I’ve found myself thinking about the sin of idol worship lately. I just finished Exodus and started Leviticus, lot’s in there. Plus, when I was visiting Sherann I read a little bit of a book she got when she went to see the Purple Pig Tour called, The Purple Pig and Other Miracles (I was scanning to try and find out where the name came from, but I didn’t get that far), and I happened to read a section where Dick Eastman was talking about an experience he had at a college event that touched on idolatry. When stuff starts popping up over and over again, I don’t take that as a coincidence, but rather as instructions to pay attention.
So I started thinking more about it and praying about it. Idols aren’t something that we often think about today, or at least that we don’t often think about in a negative way. In fact, for years people would throw around the phrase “he/she is my idol” quite freely about celebrities all the time. Today, we even have the ump-teenth season of American Idol, passing off the idea that idolization is no big deal. It’s still not something that we take very seriously.

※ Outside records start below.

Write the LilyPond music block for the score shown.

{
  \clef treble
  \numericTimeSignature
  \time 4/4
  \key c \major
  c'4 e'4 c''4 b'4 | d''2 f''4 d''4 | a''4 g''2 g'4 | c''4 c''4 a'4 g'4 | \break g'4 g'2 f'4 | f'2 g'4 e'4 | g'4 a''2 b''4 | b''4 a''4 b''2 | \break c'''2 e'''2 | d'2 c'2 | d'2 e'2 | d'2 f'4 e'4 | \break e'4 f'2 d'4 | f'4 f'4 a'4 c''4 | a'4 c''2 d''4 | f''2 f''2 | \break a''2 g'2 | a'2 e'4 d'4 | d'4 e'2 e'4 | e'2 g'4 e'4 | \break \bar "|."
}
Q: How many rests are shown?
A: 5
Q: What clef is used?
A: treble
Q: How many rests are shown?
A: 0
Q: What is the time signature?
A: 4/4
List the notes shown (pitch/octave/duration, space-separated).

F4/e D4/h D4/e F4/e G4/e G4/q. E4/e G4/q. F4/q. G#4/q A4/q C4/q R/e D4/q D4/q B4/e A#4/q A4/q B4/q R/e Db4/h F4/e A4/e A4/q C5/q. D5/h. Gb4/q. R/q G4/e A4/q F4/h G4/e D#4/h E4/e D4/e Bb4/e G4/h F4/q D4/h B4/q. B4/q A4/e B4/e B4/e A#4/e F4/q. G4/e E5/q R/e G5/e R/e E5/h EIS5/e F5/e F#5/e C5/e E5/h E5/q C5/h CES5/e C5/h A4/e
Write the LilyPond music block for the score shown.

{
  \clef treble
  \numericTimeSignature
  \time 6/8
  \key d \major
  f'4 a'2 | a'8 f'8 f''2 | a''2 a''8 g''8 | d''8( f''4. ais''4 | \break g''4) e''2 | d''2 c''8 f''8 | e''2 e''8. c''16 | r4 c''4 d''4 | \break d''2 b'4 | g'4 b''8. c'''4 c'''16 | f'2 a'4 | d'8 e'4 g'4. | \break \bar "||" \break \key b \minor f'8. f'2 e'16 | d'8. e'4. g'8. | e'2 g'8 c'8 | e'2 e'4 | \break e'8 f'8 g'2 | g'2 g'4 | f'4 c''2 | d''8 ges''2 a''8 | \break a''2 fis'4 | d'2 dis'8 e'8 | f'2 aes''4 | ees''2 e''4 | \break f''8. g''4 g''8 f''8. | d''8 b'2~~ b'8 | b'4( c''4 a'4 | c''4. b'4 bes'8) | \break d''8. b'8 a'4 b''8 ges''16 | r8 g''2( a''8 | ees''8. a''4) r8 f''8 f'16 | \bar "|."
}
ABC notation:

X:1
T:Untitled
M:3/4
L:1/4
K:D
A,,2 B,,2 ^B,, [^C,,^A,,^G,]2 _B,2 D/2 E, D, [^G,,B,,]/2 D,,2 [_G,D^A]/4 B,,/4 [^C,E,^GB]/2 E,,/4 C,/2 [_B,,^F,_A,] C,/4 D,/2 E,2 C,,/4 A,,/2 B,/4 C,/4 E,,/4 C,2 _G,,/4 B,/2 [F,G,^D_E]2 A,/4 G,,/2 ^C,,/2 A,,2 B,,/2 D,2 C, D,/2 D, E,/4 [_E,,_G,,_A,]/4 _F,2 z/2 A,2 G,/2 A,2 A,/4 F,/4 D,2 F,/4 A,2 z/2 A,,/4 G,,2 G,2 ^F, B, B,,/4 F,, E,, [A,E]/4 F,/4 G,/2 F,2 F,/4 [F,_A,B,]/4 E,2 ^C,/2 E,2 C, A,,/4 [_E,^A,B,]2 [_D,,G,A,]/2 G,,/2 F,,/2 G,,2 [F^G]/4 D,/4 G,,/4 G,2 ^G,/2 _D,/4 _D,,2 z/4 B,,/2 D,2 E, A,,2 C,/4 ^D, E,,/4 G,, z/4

But we should.
Idolatry is anything or anyone that draws our attention, time, worship, and praise away from God where it rightfully belongs. An idol is not simply a carved, man-made god. It can be a celebrity or sports star or any person. It can be television, video games, or any stuff. It can be an idea or ideal even. It can even be things within the Church, itself, that we have placed too high and too holy for our own good. If we obsess over it, if we feel like we can’t live without it then it’s very likely something that we have idolized. I'm convinced that at least part of the reason that God commanded the Israelites not to make any graven images is because then they would have slowly begun to worship those things instead of Him. We often face that same danger today.
A few years ago we had fires that raged throughout Southern California. We were about a mile away from one of those fires. I’ve lived in SoCal all my life, and I’m not saying that earthquakes don’t scare me, but I have never experienced fear quite like that before. Sadly, what I was really afraid of was not losing my life, but losing my stuff. In an earthquake, even if the house collapsed, most of my stuff would be fine; it might get dirty, it might take some time to get to, but not destroyed. But a fire! A fire consumes everything. And I was afraid. And when I realized all of that, I felt sick to my stomach.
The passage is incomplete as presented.